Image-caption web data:
※

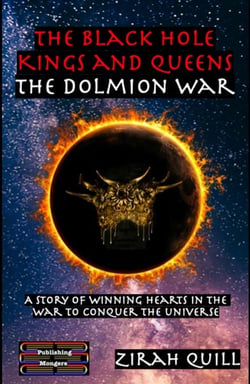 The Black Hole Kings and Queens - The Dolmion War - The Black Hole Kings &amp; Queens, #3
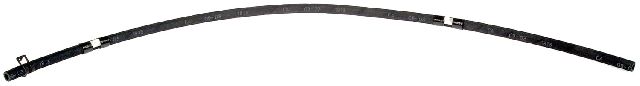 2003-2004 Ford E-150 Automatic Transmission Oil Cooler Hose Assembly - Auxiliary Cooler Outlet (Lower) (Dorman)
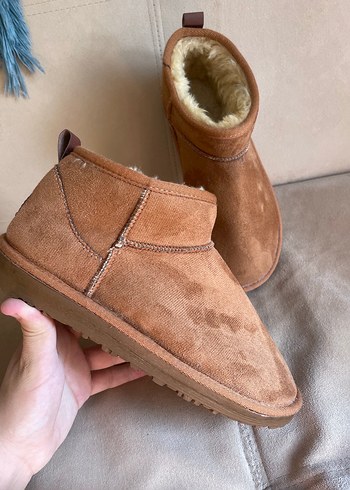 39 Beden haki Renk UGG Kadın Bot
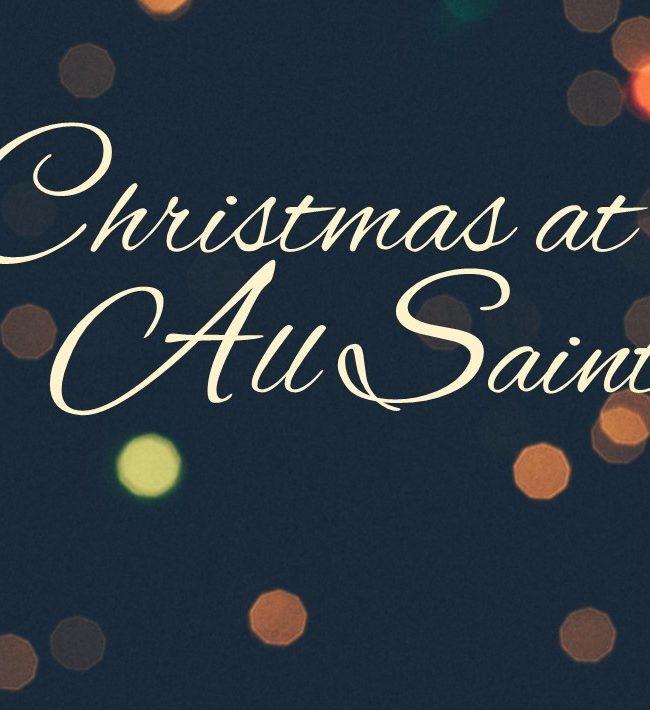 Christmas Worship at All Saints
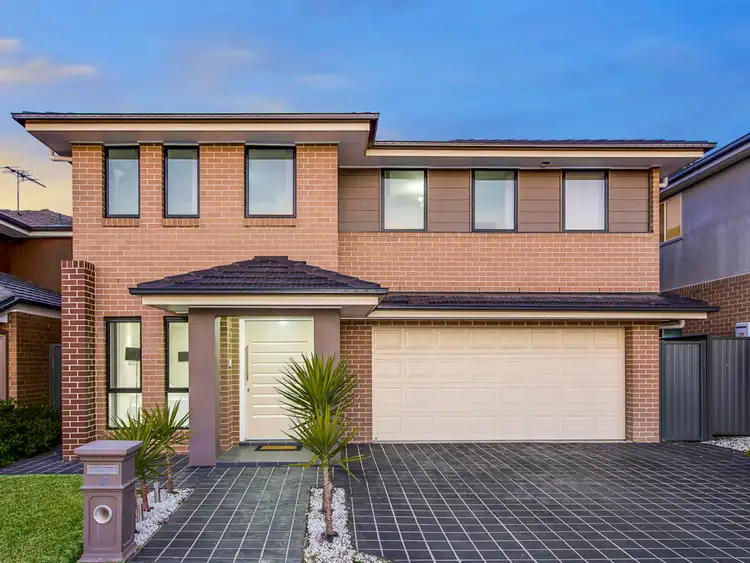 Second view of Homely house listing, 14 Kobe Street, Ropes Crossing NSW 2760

※

EXERCISE BRIEF:
The copy must match each record exactly, apart from the images, which stay out.

ANSWER FOR THE TASK:
 The Black Hole Kings and Queens - The Dolmion War - The Black Hole Kings &amp; Queens, #3
 2003-2004 Ford E-150 Automatic Transmission Oil Cooler Hose Assembly - Auxiliary Cooler Outlet (Lower) (Dorman)
 39 Beden haki Renk UGG Kadın Bot
 Christmas Worship at All Saints
 Second view of Homely house listing, 14 Kobe Street, Ropes Crossing NSW 2760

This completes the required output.